Chapter 3
Play it Again
How and why I abandoned creativity in my Advent preaching.
In Stephen King's novel 11.22.63, Jack Epping, living in 2011, finds a wormhole into 1958. He uses it, eventually, to try to prevent Lee Harvey Oswald's assassination of JFK, which means staying around in his alternate universe for over five years. But before he ventures that, he slips in and out of the past and the present. He can spend months, even years, in the past and, returning, find only two minutes has elapsed in the present. But every time he steps from the present back into the past, he always starts at the same moment of the same day: 11:58 AM on September 8, 1958.
After I had been in pastoral ministry for about a decade, Advent started to feel that way to me: stepping into a past I'd already lived through multiple times. It was a time-warp, a Deja-vu, my Groundhog Day. Here we were again, treading ground already much-trodden—singing the same carols, reading the same texts, preaching the same story, probing the same themes, drawing out the same lessons: wise people still seek him, the Herods of the world still try to eliminate him, the good news is often heard first by those on the fringes, blah blah blah.

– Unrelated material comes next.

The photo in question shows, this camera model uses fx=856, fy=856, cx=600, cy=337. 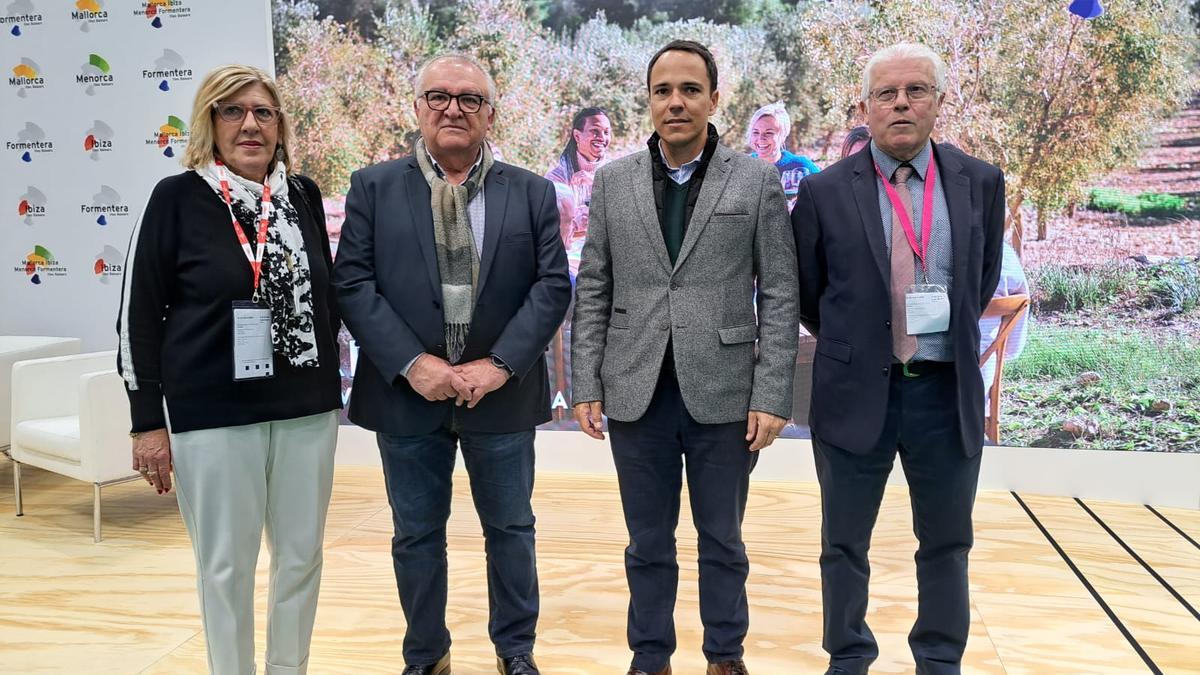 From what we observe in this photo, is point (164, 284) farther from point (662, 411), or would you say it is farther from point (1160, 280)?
point (1160, 280)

Advent was my least favorite season for preaching. Then it became my favorite. And here's why: I abandoned creativity.
The problem with creativity
But at first, I tried to be more creative. This took on many, and often laughable, forms—the time, for instance, we threw a drum solo into the middle of The Little Drummer Boy. It was stunning. Jaw-dropping, even. For all the wrong reasons.
The problem with creativity is often it is no more than novelty. I had an idea one Advent—thankfully, never attempted—to dispense with sermons altogether and instead conduct a series of interviews with eyewitnesses to the Nativity—a gang of shepherds, a trio of Magi, the leader of the angelic host, murderous Herod, maybe a talking cow ("How did you feel about your feeding trough being used as a bassinet?"). This idea maybe has slight merit (steal it if you want)—only, to succeed it would require a level of skill and excellence that I doubt our church was capable of. Dramatizations are like violin performances: done well, they make you weep with joy and amazement; done poorly, they make you weep for other reasons. I'm pretty sure we would have fallen into the second category.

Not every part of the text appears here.